“Huh?” Brodie paused in the middle of biting into a peanut butter filled cracker.
“They released a bunch of birds into the room and I had to paralyze them.”
“Is that what you do?” Krish asked.
I immediately became suspicious, wondering if their purpose in talking to me was to find out exactly what I could do. In Atlanta, the students never had the freedom to discuss these things. Could telling them about my abilities possibly put me in harm’s way? I was sure Alex would want to know everything about me because I had used my power on her, and she hated me. Would Brodie pass on any information he gleaned from talking with me?
“Yeah. Something like that.” They could tell I had closed up. Brodie went back to eating his crackers and Krish gave me a look of understanding.
“I can thin people’s blood,” she volunteered. A calculated move to gain my trust?

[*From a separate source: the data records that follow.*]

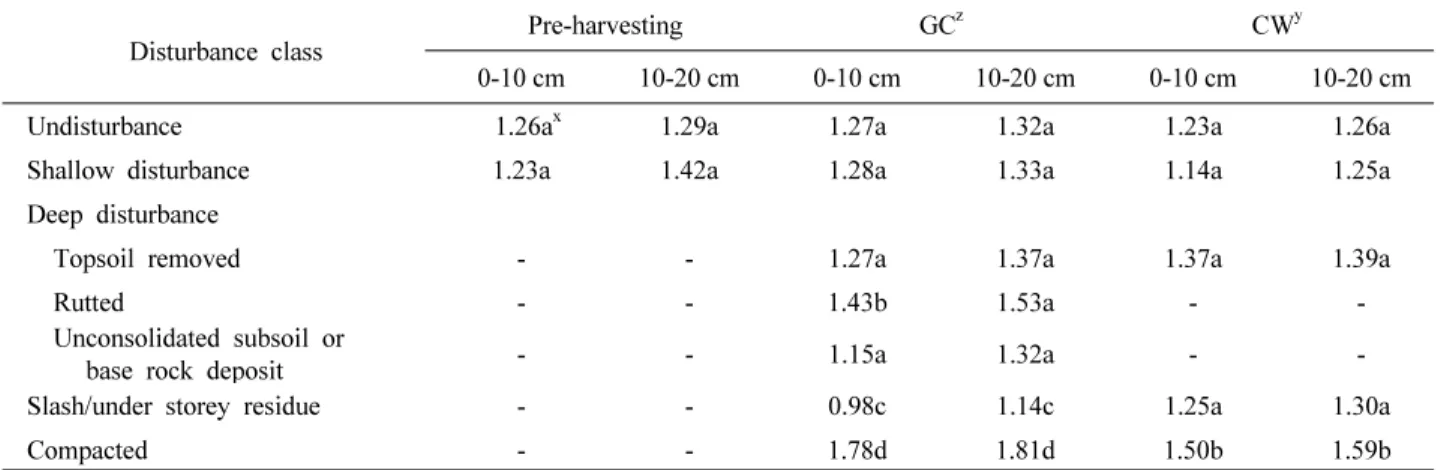 Table 4. Changes in soil porosity(%) by different timber harvesting methods.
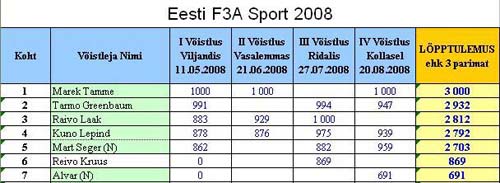 2008. a. Eesti F3A Sport esivõistluste tulemused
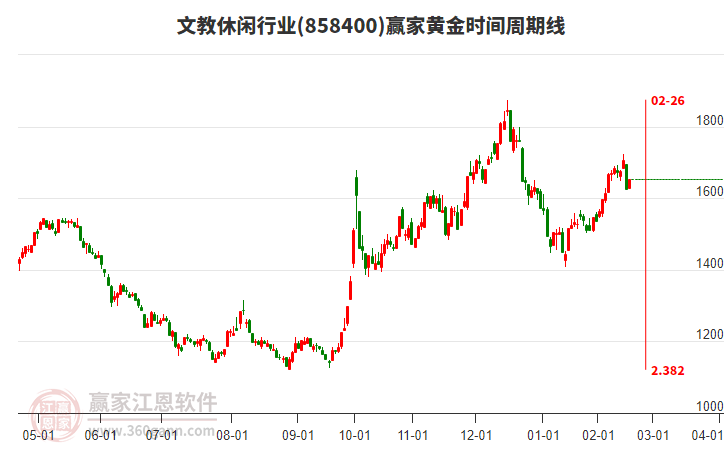 文教休閑行業(yè)黃金時(shí)間周期線工具 文教休閑行業(yè)黃金時(shí)間周期線工具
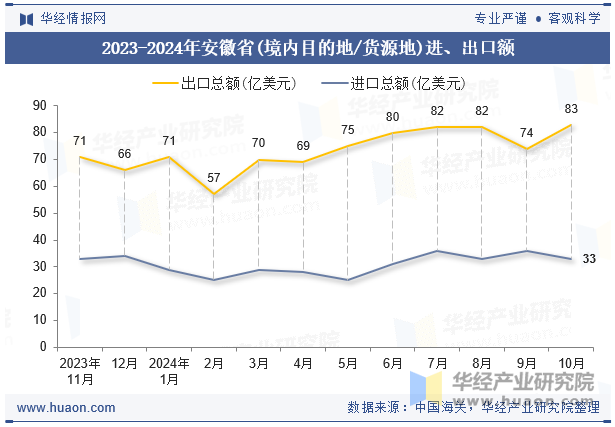 2023-2024年安徽省(境内目的地/货源地)进、出口额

“Did you kill your cat by making it bleed out?” I remembered seeing the animal lying in a pool of blood. She looked away and her shoulders fell. “I’m sorry,” I told her, feeling instantly guilty for bringing it up. “That wasn’t very considerate of me.”
“How did you kill your animals?” Brodie asked me, as if getting revenge for my own callous question.
I considered my answer and decided on truth. “I stopped their hearts.”
Brodie’s eyes lit up. “I can do that, too. I’ve never met anyone who has the same power as me. How do you do it exactly? Dr. Jensen says I can control cells that create electricity. Heart cells. Did you know that a single cardiac cell beats all by itself. Is that how you do it?”
I was taken aback by his changed demeanor. “I…uh…don’t know how.”
“Dr. Jensen didn’t explain the research to you? The doctor I tested under always shared his research with us.”
I shrugged. “Either Jensen doesn’t know, or he doesn’t want to tell me the specifics.” That was also the truth. But even if I did know the mechanics behind my ability, I wouldn’t share that information with Brodie or anyone else other than Wesley and Cael. It seemed too revealing, like exposing one of the most vulnerable parts of myself.
Then Alex and Gavin walked in, chatting and laughing, and I immediately clammed up. If she was here, then she wasn’t with Wesley. So I decided to find my best friend and see if we could sort out the awkwardness that seemed to be developing between us. I excused myself, threw away my trash, and headed for his room.
Like everyone else’s door, his was stuck open, and I walked in without bothering to announce myself. To my surprise, he and Cael were sitting on the sofa whispering and looking at the contents of the files that I’d seen on Cael’s desk. When they saw me, they clamped the files shut and Cael asked, “What did you have to do in the lab?”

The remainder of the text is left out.